Cloudglue v0.3.0 is here

Welcome to the first official update of the Cloudglue changelog. We’re excited to share the latest features we’ve been cooking up for you all.

New Features

  • Scene Segmentation - Break your videos into meaningful segments automatically using AI-powered shot detection or prompt driven narrative chapters. Perfect for finding natural boundaries within your videos Try it in our playground →
  • Video Search - Retrieve clips and videos directly from your collection, without asking chat completion! You can now search your video content directly using natural language queries at both video and segment levels.

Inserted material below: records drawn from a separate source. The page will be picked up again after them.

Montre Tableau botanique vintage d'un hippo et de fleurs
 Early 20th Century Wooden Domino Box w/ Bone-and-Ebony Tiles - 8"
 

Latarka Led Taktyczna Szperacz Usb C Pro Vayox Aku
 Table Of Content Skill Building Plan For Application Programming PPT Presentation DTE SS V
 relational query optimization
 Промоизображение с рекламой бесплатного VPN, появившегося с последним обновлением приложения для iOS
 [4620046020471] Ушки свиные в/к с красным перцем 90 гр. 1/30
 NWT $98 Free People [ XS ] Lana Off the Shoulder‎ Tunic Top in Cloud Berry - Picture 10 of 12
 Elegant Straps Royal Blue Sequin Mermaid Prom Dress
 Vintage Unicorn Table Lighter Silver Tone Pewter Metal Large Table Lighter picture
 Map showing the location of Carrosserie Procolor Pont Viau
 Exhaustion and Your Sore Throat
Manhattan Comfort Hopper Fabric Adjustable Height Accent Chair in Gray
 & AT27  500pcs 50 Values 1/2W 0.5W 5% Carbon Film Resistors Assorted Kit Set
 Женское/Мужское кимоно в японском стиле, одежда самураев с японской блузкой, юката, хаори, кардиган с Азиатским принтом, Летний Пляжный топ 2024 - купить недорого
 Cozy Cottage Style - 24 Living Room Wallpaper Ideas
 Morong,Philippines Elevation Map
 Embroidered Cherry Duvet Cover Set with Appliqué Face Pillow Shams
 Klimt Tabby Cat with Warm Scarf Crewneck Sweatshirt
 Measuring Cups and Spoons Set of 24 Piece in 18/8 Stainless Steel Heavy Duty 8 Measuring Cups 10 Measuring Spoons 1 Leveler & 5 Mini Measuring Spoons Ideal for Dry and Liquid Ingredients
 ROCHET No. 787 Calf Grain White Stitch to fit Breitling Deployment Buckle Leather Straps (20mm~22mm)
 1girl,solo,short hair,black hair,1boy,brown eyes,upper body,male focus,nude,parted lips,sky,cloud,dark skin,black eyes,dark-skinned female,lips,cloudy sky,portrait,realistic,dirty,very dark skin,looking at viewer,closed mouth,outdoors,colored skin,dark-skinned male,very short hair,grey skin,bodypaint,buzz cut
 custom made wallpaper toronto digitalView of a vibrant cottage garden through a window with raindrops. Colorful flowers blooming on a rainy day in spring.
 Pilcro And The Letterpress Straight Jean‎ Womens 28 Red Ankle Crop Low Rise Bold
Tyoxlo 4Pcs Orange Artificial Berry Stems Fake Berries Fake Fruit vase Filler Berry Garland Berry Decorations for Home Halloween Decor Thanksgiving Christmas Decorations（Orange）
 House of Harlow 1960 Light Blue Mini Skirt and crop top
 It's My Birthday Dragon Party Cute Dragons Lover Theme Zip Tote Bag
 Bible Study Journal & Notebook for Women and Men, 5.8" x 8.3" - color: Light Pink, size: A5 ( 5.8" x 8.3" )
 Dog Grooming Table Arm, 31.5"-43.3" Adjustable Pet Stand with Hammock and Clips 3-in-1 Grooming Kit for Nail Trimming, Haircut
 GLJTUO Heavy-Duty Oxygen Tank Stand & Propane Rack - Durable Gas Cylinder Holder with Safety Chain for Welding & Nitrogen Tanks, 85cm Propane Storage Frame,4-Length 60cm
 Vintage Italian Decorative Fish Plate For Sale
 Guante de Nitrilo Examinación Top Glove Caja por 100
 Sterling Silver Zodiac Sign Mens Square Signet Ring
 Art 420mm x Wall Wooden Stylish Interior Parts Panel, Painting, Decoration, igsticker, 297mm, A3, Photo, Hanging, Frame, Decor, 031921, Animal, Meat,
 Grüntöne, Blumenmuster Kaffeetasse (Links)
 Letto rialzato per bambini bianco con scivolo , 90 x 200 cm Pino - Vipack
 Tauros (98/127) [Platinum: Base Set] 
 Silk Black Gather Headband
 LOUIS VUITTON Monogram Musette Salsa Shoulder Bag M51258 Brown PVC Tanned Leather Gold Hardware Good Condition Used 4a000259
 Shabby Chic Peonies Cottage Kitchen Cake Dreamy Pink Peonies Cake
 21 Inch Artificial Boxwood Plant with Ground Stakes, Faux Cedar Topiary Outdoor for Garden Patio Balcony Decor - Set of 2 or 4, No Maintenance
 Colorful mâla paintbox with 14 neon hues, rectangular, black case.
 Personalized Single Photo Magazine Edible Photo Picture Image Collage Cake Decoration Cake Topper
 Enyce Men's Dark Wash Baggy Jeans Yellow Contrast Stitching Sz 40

Find specific moments, topics, or conversations across your entire video library with semantic search. Try it in our playground →
  • Data Connectors (AWS S3, Dropbox) - Connect your AWS S3 buckets, or Dropbox account directly to Cloudglue and skip manual file uploads entirely. Use your existing S3 URIs and Dropbox files with all our endpoints. Try it in your dashboard →
  • Thumbnails - Generate visual previews for your video segments automatically. Get thumbnail images for key moments in your videos to enhance your applications and user interfaces.